GC21C-1106
Tropical cyclogenesis under the hypohydrostatic rescaling in climates with different equator-to-pole temperature gradients.

Tuesday, 15 December 2015
Poster Hall (Moscone South)
Les Muir, William R Boos and Alexey V Fedorov, Yale University, New Haven, CT, United States
Abstract:
Simulations of strong tropical cyclones, category 3 to 5, in models without convective parameterization typically require a high horizontal resolution on the order of several kilometers, which is currently not feasible for global climate models. In this study we apply the hypohydrostatic rescaling, also referred to as RAVE (Reduced Acceleration in the Vertical, e.g. Kuang et al. 2005), as a means to improve the representation of tropical cyclones in a cloud-resolving model that explicitly represents moist convection (SAM). In effect, RAVE reduces the scale separation between convective and larger-scale motions, enabling the simultaneous and explicit representation of both types of flow in a single model. At a given horizontal resolution, using RAVE increases peak storm intensity and reduces the time needed for tropical cyclogenesis, effects apparently caused by the environmental moistening produced by RAVE. In fact, using RAVE in this model within a global aqua-planet beta-plane configuration improves representation of both the mean tropical climate (eliminating the double-ITCZ problem) and of tropical cyclones (generating storms up to category 5).

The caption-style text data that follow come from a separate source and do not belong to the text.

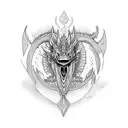 dragón con brujula  tattoo design idea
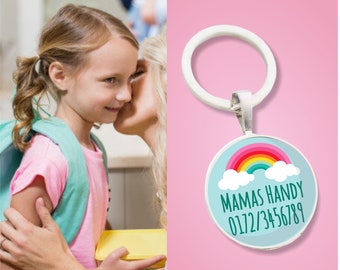 Pendant Emergency Number Rainbow - Emergency Trailer - Gift for schooling or kindergarten entry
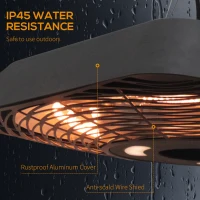 Outsunny 2000W Electric Hanging Patio Heater Ceiling Mounted Halogen Heating Indoor Outdoor with Remote Control Aluminium(m-7)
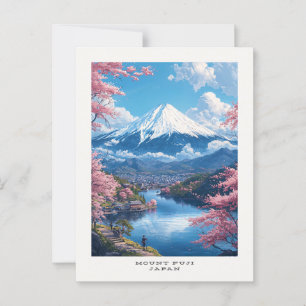 Postal Postcarta de viaje del Monte Fuji Japón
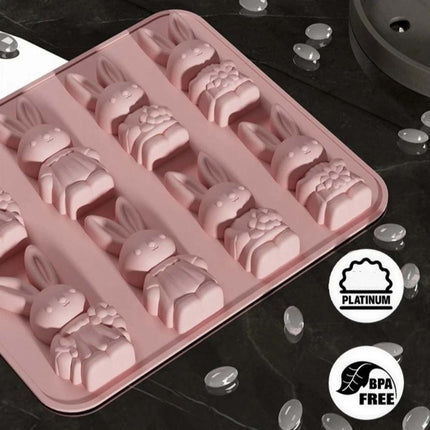 Easter Bunny 8 Grids Mould Food Grade Baking Mold Kitchen Baking Tool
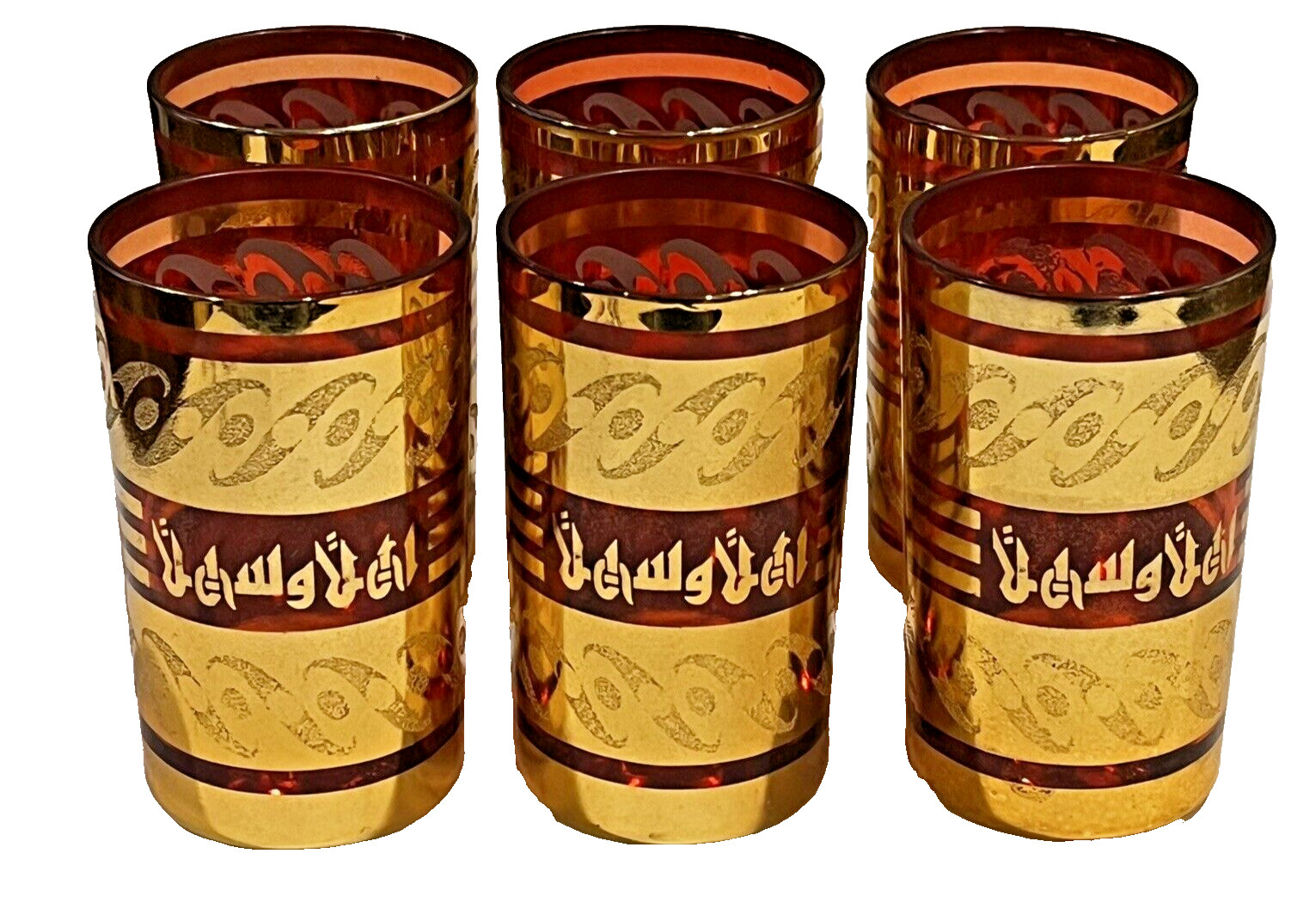 Lot of 6 Mikorea Cranberry Glass with Gold Overlay Moroccan Tea Glasses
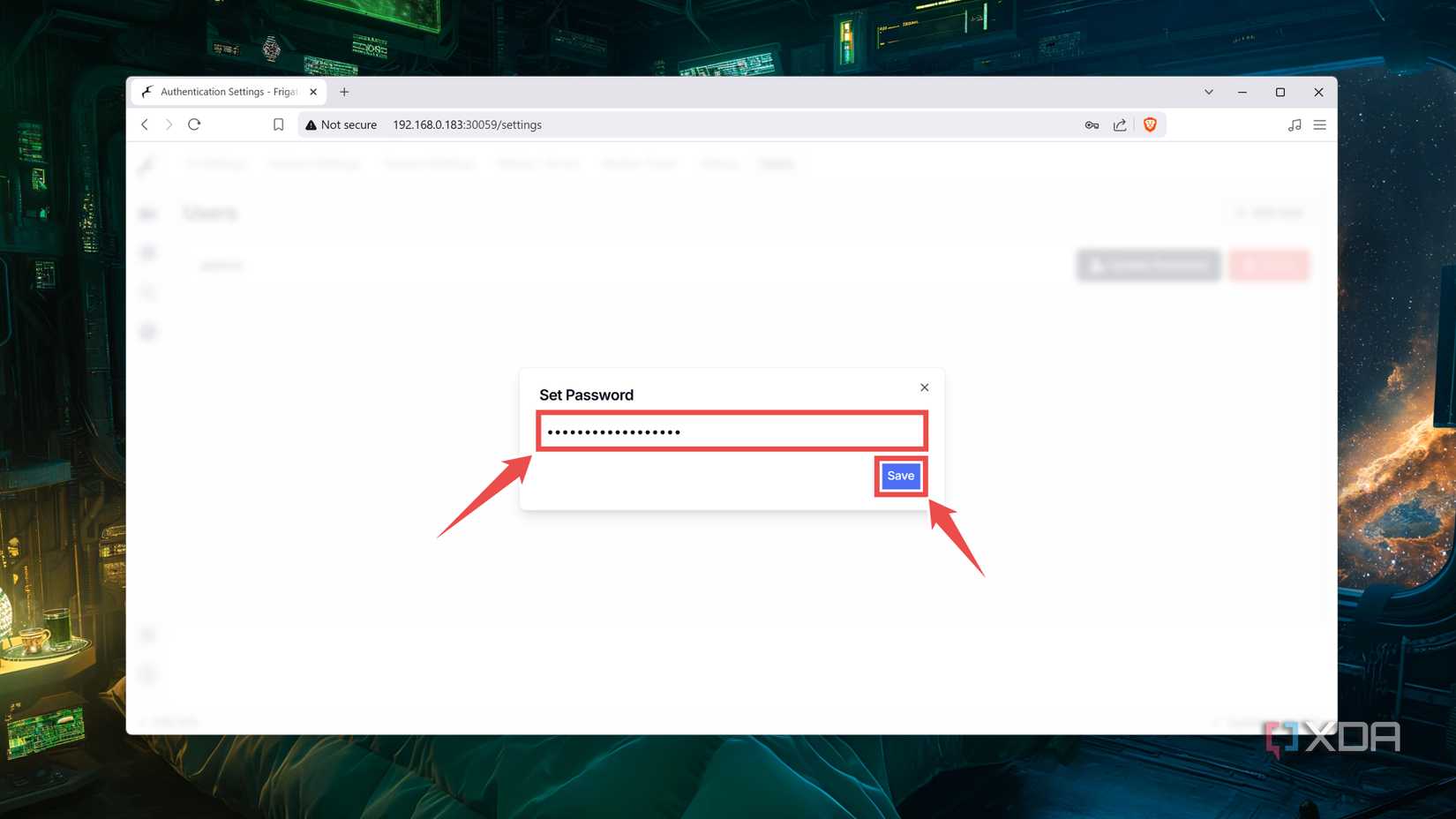 Setting the password of the admin user in the Frigate web UI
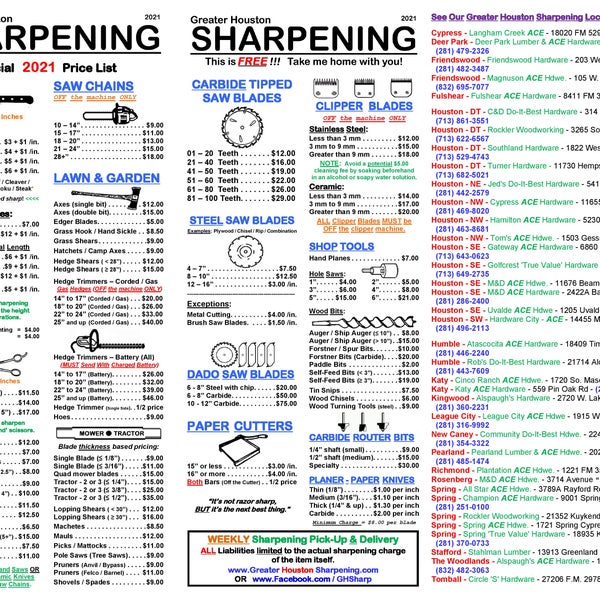 GreaterHoustonSharpening.com has provided our services through Sears in the past.  See our current 2021 pricing of over 100+ items for our WEEKLY sharpening services nearest this old Sears location..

Further, we present results of these simulations in which we vary the equator-to-pole temperature gradient and focus on the key characteristics of tropical cyclones, including the total number of cyclones, their genesis, strength and latitudinal distribution, and interaction with extra-tropical storms. We find that the tropical cyclone activity changes non-monotonically with reduction in the oceanic meridional temperature gradient – for small changes the cyclone activity decreases, but for larger changes it strongly increases, mainly because of the strong reduction in wind shear in mid-latitudes for weak meridional temperature gradients. The increase in tropical cyclone activity in warm climates is accompanied by the merging between the characteristics of extra-tropical storms and tropical cyclones, as seen in the paths of the storms as well as their property distributions. We discuss these results in the context of the past and future climate change.